Friday, October 14, 2011

Some more children's books of note:

The Boy Who Cried Ninja (Peachtree Publishers; 2011)

The cover of Alex Latimer’s debut children’s book tells you pretty much everything you need to know, and a glance at the back cover hints that it’s not simply a modern, hyperbolic update on “The Boy Who Cried Wolf,” with the wolf swapped out for a ninja (As other, even more fantastic personages than a ninja are shown peering around the corner).

“Once there was a boy named Tim who no one believed,” the story begins, and when his mother asks him what happened to the last slice of cake, he truthfully told her it was a ninja who ate it.

When his father asks where his hammer was and his grandfather asks if he’s done his homework, Tim tells similar outrageous truths, and, since telling the truth only gets him in trouble, he decides to start taking the blame for the fantastical visitors who cause so many problems around his house—but that only gets him in the same amount of trouble, not less trouble.

Finally, Tim hatches a plan to prove to his family that a ninja really did eat the cake…and that he was actually innocent of all the other stuff he was blamed for, as the acts were committed by unbelievable characters and creatures (None of which I really want to reveal, given that the revelation of the increasingly silly responsible parties is one of the great joys of Latimer’s book).

Latimer’s artwork is extremely simple, consisting of large, roundish shapes for heads and bodies and spindly limbs terminating in tiny hands and feet. (According to the fine print, Latimer created the art using pencil, then digitizing and coloring it. That certainly explains the super-thin lines)

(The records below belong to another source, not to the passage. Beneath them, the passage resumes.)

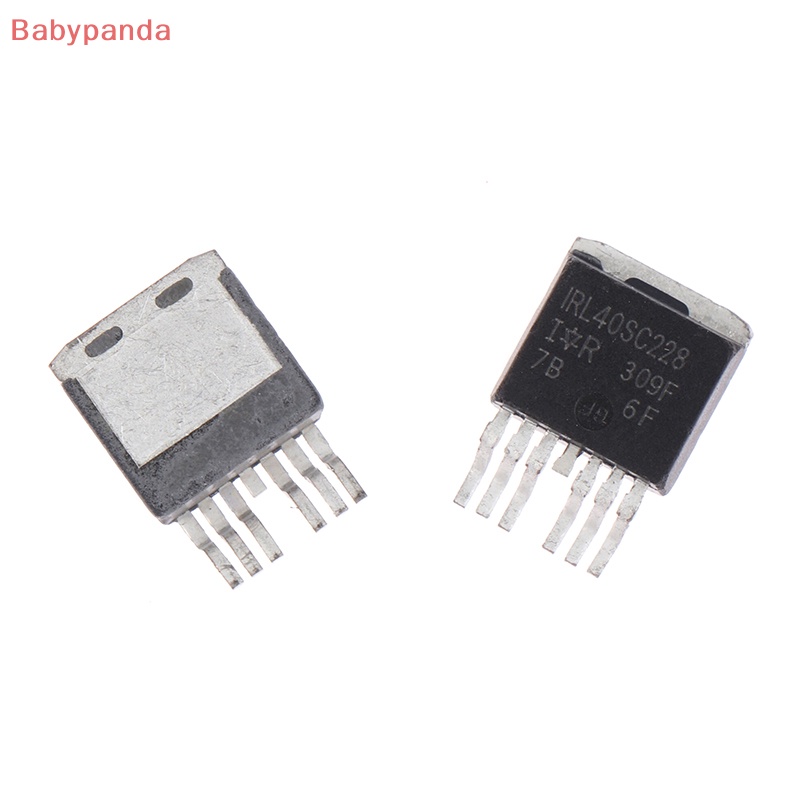 Linh Kiện Bán Dẫn IRL40SC228 40SC228 IRL40SC209 40SC209 TO-263 MOS Chất Lượng Cao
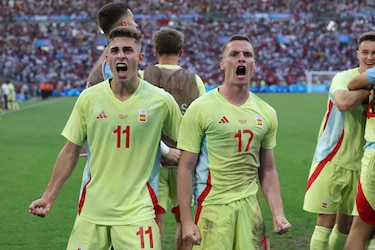 FIFA distribuye las plazas de los Juegos Olímpicos 2028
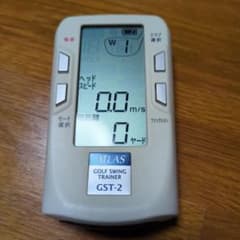 ATLUS　ヘッドスピード計測器のサムネイル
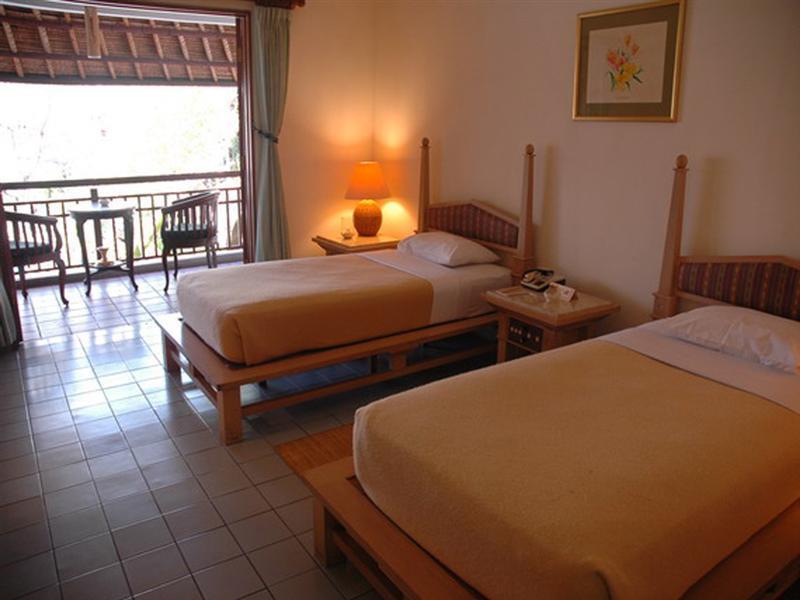 Sativa Sanur cabañas Hotel Exterior foto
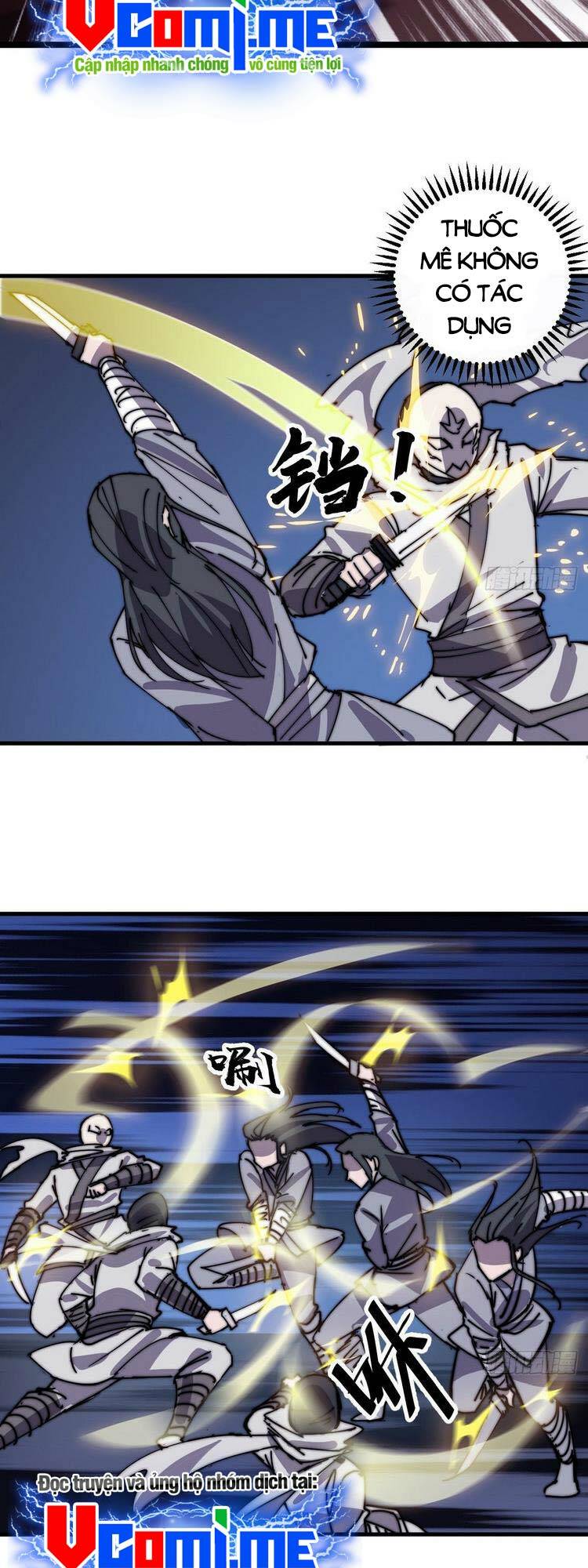 Ta Có Một Sơn Trại: Chapter 425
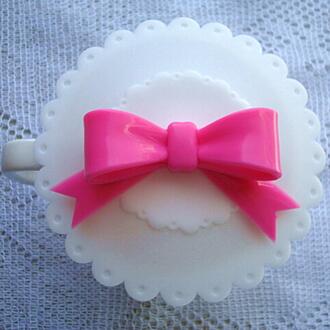 Leuke anti-stof Siliconen Strik Cup Cover Mooie Cup Cover Koffie Zuig Seal Deksel Cap 6 Kleuren 10.5cm wit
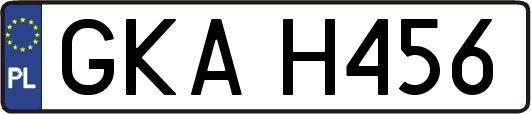 GKAH456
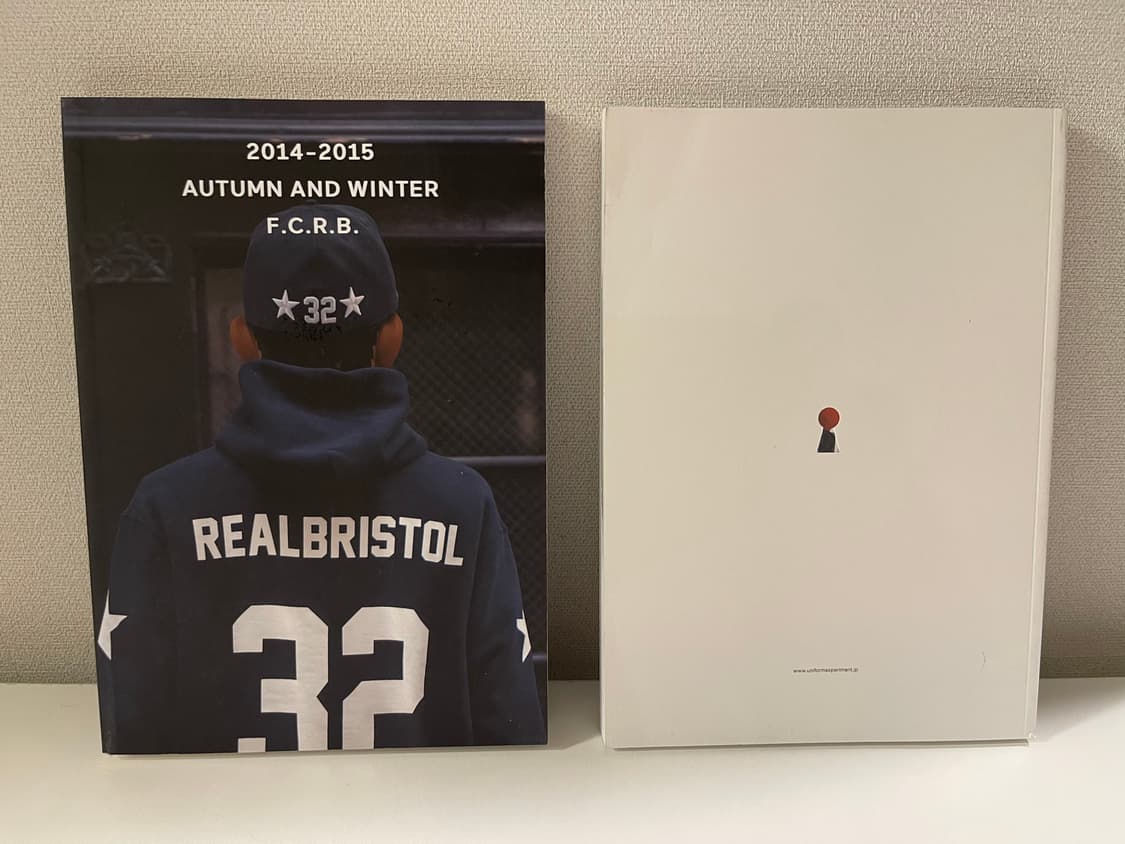 소프넷, UE 2014-15AW 컬렉션 브랜드 북 세트 상품이미지2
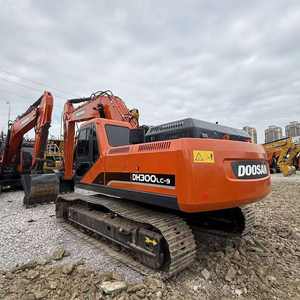 รถขุด 30 ตัน ของแท้จากเกาหลีใต้ รุ่น Doosan Dh300lc-9 สภาพดี ขาย - Product Image 3
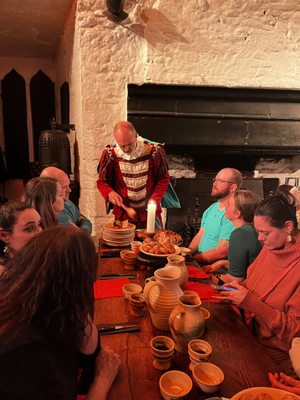 Bunratty Castle & Folk Park by null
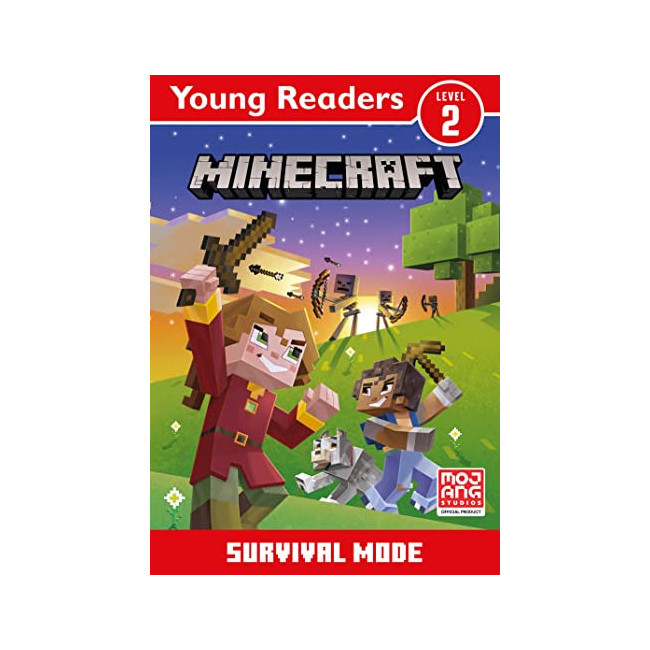 [ĺ:B]Young Readers 2 : Minecraft  : Survival Mode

He leaves the images a lot of room to breathe, with a great deal of space surrounding them—sometimes it's all white space, sometime there are planes of color creating a comparatively complicated background, but the drawings always give the illusion of a small person in a big world.

The designs for the various creatures are all incredibly delightful, especially in the little details and idiosyncratic touches to their designs and their behaviors (how the ninja eats cake, or rakes leaves, for example).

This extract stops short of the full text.